Jugendliche der Sophie-Scholl-Oberschule schauten sich zusammen mit dem Bundespräsidenten den Sophie-Scholl-Film an – und waren beeindruckt

Das wusste er nicht. Dass Sophie Scholl genau an dem Tag ermordet wurde, an dem er auf die Welt kam: am 22. Februar 1943. „Natürlich wusste ich schon eine ganze Menge über die Weiße Rose, aber jetzt bin ich ganz aufgebracht“, sagt Bundespräsident Horst Köhler.

Gerade haben er und seine Frau zusammen mit Elft-, Zwölft- und Dreizehntklässlern der Sophie-Scholl-Oberschule im Cinestar am Potsdamer Platz den Sophie-Scholl-Film gesehen.
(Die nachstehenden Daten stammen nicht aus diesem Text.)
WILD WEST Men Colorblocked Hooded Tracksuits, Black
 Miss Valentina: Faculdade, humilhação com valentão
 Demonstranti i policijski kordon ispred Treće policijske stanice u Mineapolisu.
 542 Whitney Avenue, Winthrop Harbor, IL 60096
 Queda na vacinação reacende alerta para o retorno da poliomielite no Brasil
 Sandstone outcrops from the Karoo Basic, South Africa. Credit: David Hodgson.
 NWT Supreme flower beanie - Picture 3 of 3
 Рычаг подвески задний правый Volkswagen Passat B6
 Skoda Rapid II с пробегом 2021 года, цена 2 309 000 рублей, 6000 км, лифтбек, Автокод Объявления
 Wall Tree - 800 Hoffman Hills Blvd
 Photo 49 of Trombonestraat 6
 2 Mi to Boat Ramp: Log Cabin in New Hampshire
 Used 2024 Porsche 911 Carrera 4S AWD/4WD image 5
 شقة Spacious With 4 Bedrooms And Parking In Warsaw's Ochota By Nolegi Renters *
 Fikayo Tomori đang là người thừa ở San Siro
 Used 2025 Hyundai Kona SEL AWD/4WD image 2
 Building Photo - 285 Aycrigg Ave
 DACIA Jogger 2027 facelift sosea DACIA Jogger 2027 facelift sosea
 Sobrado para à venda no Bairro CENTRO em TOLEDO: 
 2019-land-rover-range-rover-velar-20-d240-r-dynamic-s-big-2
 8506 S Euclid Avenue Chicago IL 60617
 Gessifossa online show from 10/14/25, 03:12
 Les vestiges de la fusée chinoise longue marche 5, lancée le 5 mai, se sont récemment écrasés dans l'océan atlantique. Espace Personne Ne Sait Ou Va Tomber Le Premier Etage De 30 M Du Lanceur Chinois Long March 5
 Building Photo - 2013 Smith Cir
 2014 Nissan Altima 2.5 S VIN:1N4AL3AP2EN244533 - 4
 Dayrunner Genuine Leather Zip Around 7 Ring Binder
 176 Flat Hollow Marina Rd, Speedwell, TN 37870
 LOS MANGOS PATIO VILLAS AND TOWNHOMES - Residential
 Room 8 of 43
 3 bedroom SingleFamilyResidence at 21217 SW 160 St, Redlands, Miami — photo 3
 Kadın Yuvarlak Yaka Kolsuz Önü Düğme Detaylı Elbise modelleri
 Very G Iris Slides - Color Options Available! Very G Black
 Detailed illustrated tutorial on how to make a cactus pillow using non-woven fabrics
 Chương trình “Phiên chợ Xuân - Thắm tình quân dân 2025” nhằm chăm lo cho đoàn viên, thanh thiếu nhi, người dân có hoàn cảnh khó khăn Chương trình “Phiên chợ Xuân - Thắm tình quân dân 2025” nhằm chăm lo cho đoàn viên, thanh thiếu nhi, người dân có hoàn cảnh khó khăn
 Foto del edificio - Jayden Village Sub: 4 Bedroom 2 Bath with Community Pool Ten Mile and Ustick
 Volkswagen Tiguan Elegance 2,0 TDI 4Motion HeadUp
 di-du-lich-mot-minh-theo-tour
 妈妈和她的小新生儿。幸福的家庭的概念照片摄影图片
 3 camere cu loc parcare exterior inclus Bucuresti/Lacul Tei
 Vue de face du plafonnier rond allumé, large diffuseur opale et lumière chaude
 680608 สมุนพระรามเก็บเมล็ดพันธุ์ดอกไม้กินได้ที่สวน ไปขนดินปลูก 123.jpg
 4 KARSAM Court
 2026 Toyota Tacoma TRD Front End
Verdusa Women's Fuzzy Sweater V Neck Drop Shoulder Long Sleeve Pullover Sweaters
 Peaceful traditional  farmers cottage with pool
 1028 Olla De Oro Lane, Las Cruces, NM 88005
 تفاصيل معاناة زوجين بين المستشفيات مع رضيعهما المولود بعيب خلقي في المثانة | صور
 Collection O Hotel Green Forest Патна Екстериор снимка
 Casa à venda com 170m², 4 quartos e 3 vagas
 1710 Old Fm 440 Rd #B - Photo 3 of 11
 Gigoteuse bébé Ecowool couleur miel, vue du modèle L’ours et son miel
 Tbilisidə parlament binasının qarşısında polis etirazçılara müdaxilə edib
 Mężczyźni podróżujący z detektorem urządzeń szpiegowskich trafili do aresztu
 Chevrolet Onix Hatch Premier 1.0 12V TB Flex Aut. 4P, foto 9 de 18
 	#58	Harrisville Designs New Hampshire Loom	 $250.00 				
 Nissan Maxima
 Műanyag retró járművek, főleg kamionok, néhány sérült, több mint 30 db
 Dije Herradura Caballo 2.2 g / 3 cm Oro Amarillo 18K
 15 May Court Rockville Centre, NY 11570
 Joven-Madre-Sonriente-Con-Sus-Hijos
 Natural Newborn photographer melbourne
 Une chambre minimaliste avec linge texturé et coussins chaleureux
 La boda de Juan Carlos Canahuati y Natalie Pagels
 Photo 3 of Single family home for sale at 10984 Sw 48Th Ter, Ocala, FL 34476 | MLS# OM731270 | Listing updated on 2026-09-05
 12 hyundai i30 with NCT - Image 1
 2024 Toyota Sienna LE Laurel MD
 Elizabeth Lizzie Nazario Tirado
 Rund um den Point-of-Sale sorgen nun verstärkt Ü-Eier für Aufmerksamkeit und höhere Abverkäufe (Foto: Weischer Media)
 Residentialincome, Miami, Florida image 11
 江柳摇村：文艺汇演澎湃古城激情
Es dauert eine Weile, bis Köhler zum staatsmännischen Lächeln zurückfindet. Dann setzt er sich an einen langen Tisch vor der Leinwand, neben ihm Sophie-Scholl-Darstellerin Julia Jentsch, Regisseur Marc Rothemund und Drehbuchautor Fred Breinersdorfer.

Der Film habe ihn beeindruckt, sagt der Bundespräsident und zu Julia Jentsch gebeugt: „Wie kann man das so gut rüberbringen? Das grenzt an ein Wunder.“ Jentsch lächelt schüchtern und verhaspelt sich, als sie sagt, dass der Film sie „schon irgendwie verändert habe.“

Die Jugendlichen sind begeistert, vom Film, von der Tatsache, dass Köhler nun vor ihnen sitzt, von Julia Jentsch. „Coole Sache hier, heute Morgen“, sagt einer. Nach der Filmvorführung haben sich viele Tränen weggewischt und dankbar zu den Pepsi-Cola-Bechern im Foyer gegriffen, die die Produktionsfirma ausgab. Köhler möchten sie am liebsten gleich zehn Fragen auf einmal stellen: Was die Bundesrepublik tue, um in anderen Ländern Widerstandsgruppen zu unterstützen, will ein Schüler wissen. Ob auch er wie Sophie Scholl sein Gewissen über das Gesetz stellen würde? Was er dazu sage, dass er von der NPD Applaus für seine Rede in Israel bekommen habe?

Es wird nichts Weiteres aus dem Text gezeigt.